I wrote this about my daughter Lauren after she returned from a 9-month trip traveling on her own through East and South Africa.
Lauren didn’t learn to ride a bicycle until she was six years old, the same year she learned how to read. She had watched the other kids in the neighborhood ride past our house on their bikes for months but was hesitant to hop on hers to give it a whirl. She was content to watch. Then one afternoon while I was talking to the neighbors out front Lauren announced, “I want to ride my bike today.” She had brought out her little pink bike with the white basket from the garage. “Give me a push,” she demanded confidently. I excused myself from the conversation and stood next to the bike while Lauren climbed on. “Okay, I’m ready.” I wasn’t as certain as she was and I stood holding the handlebars with one hand and the plastic seat with my other thinking I was going to walk along side the bike until she got the feel of it. “Let go, Mom, I know what to do.” How can she be ready, I thought, she hasn’t been on this thing before.
“Okay, but I’ll run right beside you“. I gave her a gentle push and the bike wobbled for several seconds but instead of falling over like I anticipated she pedaled hard and took off down the street, the bike and her sailing smoothly away faster than I could keep up with. I was stunned. Where had she been practicing this? How could she know how to a ride the very first time she tried?

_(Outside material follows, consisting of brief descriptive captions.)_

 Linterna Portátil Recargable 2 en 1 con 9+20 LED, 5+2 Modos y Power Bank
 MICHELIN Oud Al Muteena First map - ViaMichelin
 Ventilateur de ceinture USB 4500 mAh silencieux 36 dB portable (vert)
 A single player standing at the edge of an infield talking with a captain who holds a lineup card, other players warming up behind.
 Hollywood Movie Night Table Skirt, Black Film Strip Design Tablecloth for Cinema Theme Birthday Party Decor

Lauren is about to ride away again but this time to East Africa and not down the street. It’s not her first time to travel on her own, she has a lot of experience in this area;
a college semester studying in London, a six week trip to Santiago to visit relatives, and a month volunteering at a women’s shelter in Capetown. It’s not the travel itself that is disconcerting to me it’s that this time she will fly to Tanzania on a one-way ticket, with only a backpack and without an itinerary, and with the intention of exploring East Africa for a year. She calls herself a vagabond. I hadn’t seen this coming from a cautious child afraid of the dark. There aren’t handlebars and a bicycle seat for me to hold on to this time. Not much has really changed.
A friend warns me that I shouldn’t let her go because it’s too dangerous way over there in Africa for a single, white woman to roam.

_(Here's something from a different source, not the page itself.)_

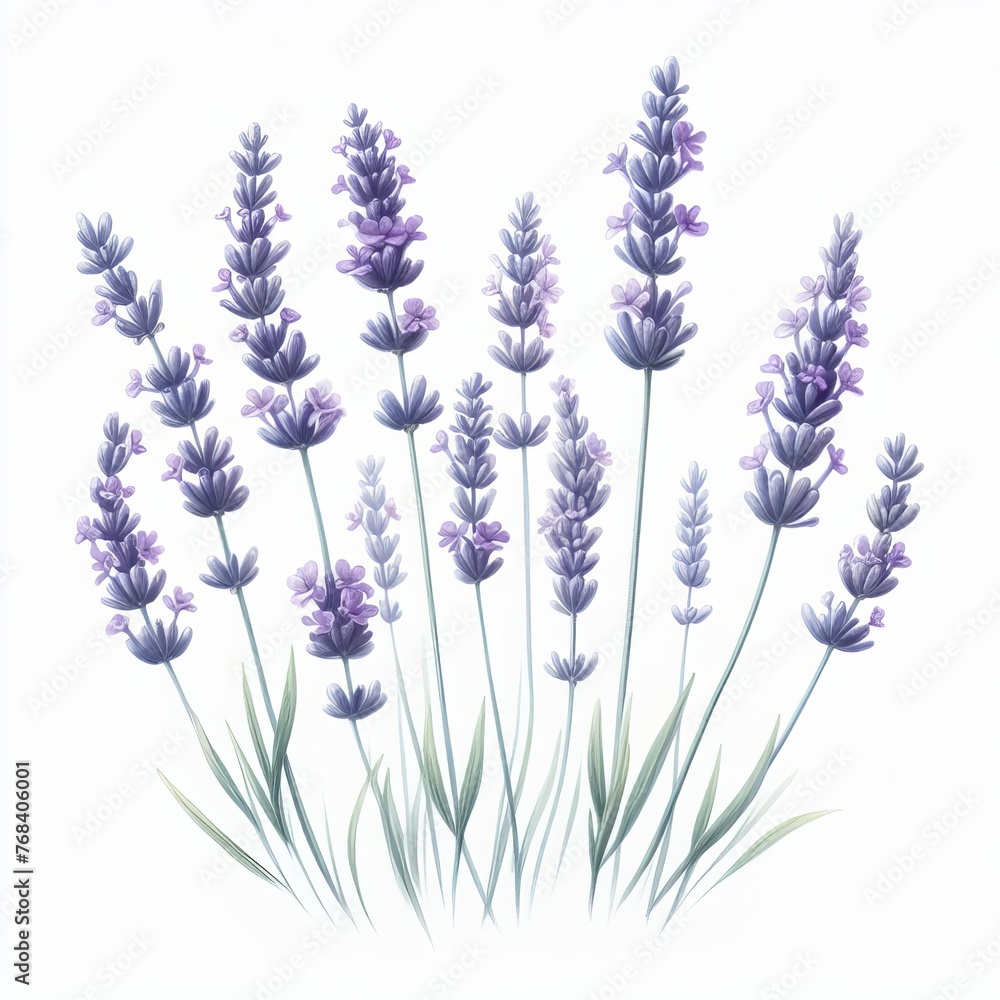 Naklejka premium Watercolor lavender sprigs with a white background – Simple lavender spikes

“She’s 23,” I reply. “She’s worked hard for two years saving up for this trip. It’s her dream. She’s old enough to know what she wants in her life.”

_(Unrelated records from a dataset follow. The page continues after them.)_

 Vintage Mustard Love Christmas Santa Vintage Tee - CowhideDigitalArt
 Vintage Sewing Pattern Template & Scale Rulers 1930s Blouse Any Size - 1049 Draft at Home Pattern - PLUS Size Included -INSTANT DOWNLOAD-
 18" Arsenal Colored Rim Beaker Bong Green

“You should at least discourage her then, warn her she could get raped, mugged, kidnapped, even killed. I read about it all the time.”
“All these things could happen here,” I say, “if she’s not careful. She’s entitled to her dream.”
“But it’s insane, it’s too dangerous. I have a client whose family is over there and one of them got mugged. I mean recently. If she were my daughter . . .”
I interrupt her before she can finish. “Fear kills too many dreams”. I can’t help but begin to worry though. Maybe there’s something I don’t see. Perhaps I’m being irresponsible encouraging her to go alone to Africa without a detailed plan. I begin to second guess myself. Just a little.
“Some people, although I’m sure are well meaning, are afraid for you because they’d be afraid to go themselves,” I suggest to my daughter when she repeats a friend‘s mother’s cautions. “Maybe it’s best not to tell everyone of your plans unless you know in advance they can be supportive,” I finally advise.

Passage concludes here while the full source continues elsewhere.